Why did I think I could go back blond, being dark haired, from box dye I bough at damn Wal-Mart?! More importantly, why didn't my mother stop me? I guess they thought my hair was not going to turn out as horrible as it did.
My hair was bright orange with piss blond roots.
It looked like my hair was on fire and someone had peed on my roots.
(Fortunately for me, I deleted the picture Jonathan told me to take. & he deleted his copy of the picture too!)
For the first time in my life I was so shocked that I actually could not cry. I ran downstairs and begged my mom and grammy to help me. I screamed about how I could not go out in public and I had a date the next day. They said I had to wait until the morning to get it all sorted out.
I put 'unred' in my hair and then dyed my hair a light brown-ish color that had blond streaks in it so it would mask and blend with the color that it had become. It is lovely. I think it is my second favorite hair color.
But throughout the past year I have learned that a. I love my natural hair color and b. I should thank a higher power (or whatever) that I still have hair on my head.

Sunday, February 17

Confession

My dreams have always been out there, to say the least. I have my on-going fantasies of the life me and Justin Timberlake will one day share. I used to have strange dreams of this giant work house (yes, half of the building was a domicile and the other half was my old job) and me and my co-workers would go on adventures. I have had dreams about men that I should never have had any dreams of. I have had bizarre nightmares where this television alien creature from my childhood would try to kill me. Point is: my imagination is more active than the va-jay-jay, mouth, and hands of the busiest prostitute in the world.
The past week I find myself having the same dream over and over. I will not share the dream right now, unless y'all ask. I will only share what I learned from this dream.

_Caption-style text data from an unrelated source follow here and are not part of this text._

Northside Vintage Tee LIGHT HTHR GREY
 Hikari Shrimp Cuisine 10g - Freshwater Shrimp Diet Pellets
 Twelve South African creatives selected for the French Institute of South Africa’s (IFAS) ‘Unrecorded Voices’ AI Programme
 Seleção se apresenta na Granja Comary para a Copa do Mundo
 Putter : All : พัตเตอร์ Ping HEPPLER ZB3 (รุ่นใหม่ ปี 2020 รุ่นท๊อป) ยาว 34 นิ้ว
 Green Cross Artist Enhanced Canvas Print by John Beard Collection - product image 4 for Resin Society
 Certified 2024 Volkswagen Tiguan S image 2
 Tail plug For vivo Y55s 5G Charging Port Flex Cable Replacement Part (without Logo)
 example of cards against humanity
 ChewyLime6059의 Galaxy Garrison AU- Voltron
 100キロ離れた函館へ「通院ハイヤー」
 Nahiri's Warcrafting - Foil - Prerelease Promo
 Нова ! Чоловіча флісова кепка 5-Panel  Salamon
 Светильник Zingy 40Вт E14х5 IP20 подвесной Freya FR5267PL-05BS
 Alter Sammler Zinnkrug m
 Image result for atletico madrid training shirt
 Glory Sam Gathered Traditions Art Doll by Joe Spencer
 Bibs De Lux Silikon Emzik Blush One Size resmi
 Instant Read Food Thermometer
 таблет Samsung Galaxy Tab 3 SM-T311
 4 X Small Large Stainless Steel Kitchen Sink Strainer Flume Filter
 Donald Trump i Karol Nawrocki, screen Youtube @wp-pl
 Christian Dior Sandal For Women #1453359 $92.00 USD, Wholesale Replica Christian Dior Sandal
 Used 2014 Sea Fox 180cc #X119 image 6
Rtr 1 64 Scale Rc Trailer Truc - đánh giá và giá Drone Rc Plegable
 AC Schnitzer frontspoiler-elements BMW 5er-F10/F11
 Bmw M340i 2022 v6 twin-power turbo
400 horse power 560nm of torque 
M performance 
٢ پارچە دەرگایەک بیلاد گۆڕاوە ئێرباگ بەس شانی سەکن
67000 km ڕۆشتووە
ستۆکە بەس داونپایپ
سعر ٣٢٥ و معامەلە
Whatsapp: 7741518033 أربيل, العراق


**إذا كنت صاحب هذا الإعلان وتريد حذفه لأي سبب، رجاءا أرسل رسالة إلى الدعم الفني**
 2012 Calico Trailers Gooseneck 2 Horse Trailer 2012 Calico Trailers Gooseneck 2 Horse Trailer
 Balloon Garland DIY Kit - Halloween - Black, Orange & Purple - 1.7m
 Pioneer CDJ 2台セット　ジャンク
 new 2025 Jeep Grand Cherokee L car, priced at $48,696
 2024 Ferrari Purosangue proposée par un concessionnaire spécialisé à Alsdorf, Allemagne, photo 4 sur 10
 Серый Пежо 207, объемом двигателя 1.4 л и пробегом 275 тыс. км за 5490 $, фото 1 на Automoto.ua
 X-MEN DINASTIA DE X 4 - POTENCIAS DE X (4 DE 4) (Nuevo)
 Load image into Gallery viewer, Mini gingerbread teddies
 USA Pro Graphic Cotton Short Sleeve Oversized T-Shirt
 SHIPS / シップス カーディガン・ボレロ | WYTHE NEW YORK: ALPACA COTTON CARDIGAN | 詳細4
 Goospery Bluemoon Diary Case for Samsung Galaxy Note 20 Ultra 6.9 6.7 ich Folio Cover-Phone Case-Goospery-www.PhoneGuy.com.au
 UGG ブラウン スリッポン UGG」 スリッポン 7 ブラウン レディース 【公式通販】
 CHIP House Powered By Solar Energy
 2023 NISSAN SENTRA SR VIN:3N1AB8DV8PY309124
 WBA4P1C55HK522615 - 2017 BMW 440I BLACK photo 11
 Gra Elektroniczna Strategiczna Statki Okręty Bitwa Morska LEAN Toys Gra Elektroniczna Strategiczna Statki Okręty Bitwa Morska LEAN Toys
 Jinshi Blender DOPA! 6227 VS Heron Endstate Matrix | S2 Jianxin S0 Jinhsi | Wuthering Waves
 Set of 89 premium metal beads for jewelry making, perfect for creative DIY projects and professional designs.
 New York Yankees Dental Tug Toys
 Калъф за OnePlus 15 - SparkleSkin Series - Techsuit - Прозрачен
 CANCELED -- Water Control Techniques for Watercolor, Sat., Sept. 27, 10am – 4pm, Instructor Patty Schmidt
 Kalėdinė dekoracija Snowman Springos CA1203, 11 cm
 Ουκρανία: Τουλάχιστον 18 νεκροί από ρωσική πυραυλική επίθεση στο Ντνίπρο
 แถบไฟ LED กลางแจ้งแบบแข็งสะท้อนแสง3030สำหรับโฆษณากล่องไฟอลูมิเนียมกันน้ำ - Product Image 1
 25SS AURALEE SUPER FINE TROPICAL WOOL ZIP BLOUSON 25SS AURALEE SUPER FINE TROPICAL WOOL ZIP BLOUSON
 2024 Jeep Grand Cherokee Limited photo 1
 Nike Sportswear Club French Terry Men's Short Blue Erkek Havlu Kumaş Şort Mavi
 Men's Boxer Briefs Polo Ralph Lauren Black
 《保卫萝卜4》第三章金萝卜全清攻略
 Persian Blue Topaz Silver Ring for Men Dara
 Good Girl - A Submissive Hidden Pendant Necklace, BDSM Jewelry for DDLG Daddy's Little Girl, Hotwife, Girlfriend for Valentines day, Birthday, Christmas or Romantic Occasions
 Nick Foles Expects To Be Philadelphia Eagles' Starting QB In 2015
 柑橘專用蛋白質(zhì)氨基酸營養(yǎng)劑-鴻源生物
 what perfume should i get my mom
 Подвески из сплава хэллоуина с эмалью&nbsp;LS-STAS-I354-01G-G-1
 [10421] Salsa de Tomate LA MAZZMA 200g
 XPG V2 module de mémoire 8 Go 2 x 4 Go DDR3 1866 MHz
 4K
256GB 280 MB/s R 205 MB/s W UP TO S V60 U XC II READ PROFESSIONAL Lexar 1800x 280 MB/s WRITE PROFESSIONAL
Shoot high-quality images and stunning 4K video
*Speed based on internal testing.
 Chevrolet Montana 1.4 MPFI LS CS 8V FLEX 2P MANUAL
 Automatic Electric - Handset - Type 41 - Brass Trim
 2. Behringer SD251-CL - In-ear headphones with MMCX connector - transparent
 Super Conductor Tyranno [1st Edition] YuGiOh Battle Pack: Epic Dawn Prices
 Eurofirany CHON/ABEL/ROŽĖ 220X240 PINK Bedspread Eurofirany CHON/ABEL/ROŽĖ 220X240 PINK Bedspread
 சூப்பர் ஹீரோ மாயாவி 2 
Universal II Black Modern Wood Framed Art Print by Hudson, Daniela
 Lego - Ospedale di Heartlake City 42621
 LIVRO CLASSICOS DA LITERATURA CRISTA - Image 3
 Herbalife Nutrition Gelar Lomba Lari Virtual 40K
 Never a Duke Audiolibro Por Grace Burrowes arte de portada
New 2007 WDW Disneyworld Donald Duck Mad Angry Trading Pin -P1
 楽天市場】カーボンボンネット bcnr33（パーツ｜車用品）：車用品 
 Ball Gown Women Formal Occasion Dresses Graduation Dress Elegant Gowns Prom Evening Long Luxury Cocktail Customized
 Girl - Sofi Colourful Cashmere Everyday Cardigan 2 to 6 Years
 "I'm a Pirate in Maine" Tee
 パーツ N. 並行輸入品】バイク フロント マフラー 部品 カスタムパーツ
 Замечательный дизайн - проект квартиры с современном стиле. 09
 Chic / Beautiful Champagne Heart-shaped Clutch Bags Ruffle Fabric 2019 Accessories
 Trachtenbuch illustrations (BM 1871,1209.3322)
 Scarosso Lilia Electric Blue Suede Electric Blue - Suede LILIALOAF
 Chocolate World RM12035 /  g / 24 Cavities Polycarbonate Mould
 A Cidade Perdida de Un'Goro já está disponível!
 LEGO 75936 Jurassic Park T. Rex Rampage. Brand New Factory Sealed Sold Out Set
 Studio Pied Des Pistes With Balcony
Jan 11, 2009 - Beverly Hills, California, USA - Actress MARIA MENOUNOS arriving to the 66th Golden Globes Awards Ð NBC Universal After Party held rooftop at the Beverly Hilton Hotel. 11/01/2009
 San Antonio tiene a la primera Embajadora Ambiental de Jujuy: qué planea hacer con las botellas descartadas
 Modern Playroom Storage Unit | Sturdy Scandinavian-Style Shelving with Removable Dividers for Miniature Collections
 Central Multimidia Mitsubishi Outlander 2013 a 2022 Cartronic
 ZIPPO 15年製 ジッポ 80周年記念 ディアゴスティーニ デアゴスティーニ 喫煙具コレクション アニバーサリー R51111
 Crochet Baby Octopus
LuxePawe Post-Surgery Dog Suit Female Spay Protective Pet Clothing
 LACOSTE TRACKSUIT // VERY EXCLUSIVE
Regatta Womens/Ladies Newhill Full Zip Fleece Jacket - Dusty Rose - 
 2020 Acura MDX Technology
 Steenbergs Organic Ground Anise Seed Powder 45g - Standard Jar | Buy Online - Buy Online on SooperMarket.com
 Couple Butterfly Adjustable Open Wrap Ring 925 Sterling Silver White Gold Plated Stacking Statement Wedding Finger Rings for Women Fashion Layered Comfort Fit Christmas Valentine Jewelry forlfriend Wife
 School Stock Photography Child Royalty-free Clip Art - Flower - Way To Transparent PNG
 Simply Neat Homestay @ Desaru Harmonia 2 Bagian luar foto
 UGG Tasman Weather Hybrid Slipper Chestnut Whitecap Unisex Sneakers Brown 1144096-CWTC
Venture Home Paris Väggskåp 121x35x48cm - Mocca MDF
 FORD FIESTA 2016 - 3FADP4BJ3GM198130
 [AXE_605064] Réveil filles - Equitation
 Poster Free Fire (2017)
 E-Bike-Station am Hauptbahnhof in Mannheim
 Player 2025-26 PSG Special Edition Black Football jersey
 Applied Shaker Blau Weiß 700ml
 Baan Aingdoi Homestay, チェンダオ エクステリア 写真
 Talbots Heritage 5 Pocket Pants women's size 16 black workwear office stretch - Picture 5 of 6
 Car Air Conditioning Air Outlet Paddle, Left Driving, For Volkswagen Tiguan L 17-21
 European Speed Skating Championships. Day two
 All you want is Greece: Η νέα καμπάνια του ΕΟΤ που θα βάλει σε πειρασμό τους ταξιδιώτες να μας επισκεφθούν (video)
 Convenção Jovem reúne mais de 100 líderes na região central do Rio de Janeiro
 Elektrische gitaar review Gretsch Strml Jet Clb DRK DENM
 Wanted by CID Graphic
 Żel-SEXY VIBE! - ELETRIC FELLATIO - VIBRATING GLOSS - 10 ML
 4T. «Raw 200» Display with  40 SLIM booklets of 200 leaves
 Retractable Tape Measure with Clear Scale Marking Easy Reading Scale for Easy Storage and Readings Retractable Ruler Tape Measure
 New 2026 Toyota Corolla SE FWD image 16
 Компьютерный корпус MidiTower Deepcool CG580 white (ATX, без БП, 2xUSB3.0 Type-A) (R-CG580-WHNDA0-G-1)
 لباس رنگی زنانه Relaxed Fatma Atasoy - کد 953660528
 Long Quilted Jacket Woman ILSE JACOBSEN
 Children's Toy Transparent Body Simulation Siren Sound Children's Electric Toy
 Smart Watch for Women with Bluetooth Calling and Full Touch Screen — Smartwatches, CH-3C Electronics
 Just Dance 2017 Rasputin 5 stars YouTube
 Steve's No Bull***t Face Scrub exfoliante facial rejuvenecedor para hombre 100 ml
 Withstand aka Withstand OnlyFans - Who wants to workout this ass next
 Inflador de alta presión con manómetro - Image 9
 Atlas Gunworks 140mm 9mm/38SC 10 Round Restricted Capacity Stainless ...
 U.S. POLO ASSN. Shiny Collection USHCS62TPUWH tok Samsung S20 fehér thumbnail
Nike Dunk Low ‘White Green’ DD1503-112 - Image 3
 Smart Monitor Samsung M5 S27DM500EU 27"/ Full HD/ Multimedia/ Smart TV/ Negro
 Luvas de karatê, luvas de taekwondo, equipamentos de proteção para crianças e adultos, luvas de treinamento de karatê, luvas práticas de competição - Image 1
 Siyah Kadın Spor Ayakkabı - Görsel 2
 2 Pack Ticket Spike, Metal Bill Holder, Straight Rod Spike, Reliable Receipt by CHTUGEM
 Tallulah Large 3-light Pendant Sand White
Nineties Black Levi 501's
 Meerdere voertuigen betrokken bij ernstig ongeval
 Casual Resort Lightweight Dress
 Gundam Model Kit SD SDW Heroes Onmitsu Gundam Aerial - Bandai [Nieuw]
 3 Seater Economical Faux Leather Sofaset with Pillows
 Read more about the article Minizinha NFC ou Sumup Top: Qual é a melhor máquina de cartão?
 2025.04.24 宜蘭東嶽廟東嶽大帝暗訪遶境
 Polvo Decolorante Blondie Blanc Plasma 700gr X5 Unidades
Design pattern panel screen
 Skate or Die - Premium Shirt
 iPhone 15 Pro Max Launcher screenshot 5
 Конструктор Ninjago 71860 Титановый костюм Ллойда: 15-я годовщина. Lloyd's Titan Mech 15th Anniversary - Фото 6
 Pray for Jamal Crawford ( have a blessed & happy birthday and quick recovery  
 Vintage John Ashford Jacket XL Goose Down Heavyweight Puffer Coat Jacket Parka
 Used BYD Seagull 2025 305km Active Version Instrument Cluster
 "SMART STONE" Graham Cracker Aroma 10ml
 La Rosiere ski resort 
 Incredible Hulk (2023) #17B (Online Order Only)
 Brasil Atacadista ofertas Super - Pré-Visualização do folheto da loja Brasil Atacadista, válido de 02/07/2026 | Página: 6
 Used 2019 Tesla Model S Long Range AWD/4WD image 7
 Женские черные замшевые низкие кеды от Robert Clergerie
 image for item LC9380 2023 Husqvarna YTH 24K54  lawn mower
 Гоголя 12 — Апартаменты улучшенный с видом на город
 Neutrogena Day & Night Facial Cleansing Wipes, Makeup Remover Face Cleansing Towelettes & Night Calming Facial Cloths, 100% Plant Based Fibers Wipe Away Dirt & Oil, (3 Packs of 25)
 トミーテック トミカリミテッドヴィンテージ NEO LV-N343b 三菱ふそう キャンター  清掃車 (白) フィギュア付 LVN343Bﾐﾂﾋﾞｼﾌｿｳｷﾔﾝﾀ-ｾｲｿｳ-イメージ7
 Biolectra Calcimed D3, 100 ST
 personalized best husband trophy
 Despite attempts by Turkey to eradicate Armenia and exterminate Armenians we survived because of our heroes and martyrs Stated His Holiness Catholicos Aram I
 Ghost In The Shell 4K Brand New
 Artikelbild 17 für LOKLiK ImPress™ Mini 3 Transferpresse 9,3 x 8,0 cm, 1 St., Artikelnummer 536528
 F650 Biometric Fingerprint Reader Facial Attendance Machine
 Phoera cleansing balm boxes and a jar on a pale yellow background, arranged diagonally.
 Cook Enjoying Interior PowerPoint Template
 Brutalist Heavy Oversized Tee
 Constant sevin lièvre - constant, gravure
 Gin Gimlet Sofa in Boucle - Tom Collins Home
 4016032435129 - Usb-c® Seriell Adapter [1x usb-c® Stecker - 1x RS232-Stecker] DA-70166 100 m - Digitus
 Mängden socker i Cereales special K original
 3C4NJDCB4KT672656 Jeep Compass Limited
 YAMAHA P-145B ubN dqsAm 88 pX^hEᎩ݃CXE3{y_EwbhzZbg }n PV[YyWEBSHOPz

When I wake up I try not to think of this dream but earlier I was forced to figure it out. I was listening to this song on the Wicked soundtrack and the meaning of my dream was pushed upon me. The song is called "Thank Goodness" and this is the part that helps me figure out my dream:

"And if that joy, that thrill
Doesn't thrill you like you think it will
Still -
With this perfect finale
The cheers and ballyhoo
Who
Wouldn't be happier?
So I couldn't be happier
Because happy is what happens
When all your dreams come true
Well, isn't it?"

Two weeks ago if you would have asked me if I had everything I wanted, I would have smiled and loudly exclaimed that I did. Second guessing is horrible in this situation. I participated in some actions that I am not proud of now. At the time I thought it was smart, because I thought I was going after the right thing. I destroyed another girl's heart for something I thought I wanted. She would have taken him for everything he was, is, and will never be. I keep thinking he'll be something better. I always forget how people will not change for you, they change for themselves. The girl's parents are now making her life hell because I leaked everything hoping she'd feel an ounce of what those two made me feel.
Where did it get me though? I got everything I wanted. I have him. I am far away from the people I used to work with that treated me like dirt. I am away from the place I gave my soul. I am miles from the family I have never felt a part of. I now have a family I feel like I belong to. I am going to school starting Tuesday. I am getting everything I wanted, and to top that off I have the man I scream out that I love.
I heard it took at least a month to get him to the point of asking her out. That same day that they started dating was the day I broke up with him. She thought I was the one that was going through hell. I want to ask her so badly: who really got cheated on? It was not me. I may have heard them screw each other but I was single. I may have been hurt at first. I mean the audacity on both their parts was tremendous. Then I have realized that I never went through what she had to go through. She was the one played. I was never played the way Jon played her. I made sure she knew it.
Oh it was terribly easy. She was foolish and left a trail that could connect crimes to her. She let her hatred for me sing to loudly to Jon. I was so quiet and so skillful in my deeds that it almost scared me. I would give her the shovel and the casket; she finished herself off.
It was too easy to make me happy in the end. For now I realize, he was not the prize I wanted. I loved him. I do not anymore. He is a comfort level. I enjoy his company, both decent and under the sheets. I stopped putting my faith in him. The more his parents talk to me, the more I realize that he is unchanging. He is this wretched constant. I hate him for it, yet I envy how he can stay so true to himself no matter what is thrown at him. He always puts himself first.
My heart does not ache during the day. I am kept idle with television, music, books, my cell phone, and other things man created to dull the constant dribbling of his mind. I find myself in a storm every night. I toss and turn. Nights I lay to bed alone I just cry. I know the decision I made was smart for my future, in terms of education and advancement in my life but in terms of what makes my heart light and gay? I made the wrong choice. I made a stupid and selfish choice. I wanted to rip that demon girls heart right out of her chest like she did to me, and I wanted him to feel the loss of attention like I did the day I found those msn conversations many many months ago.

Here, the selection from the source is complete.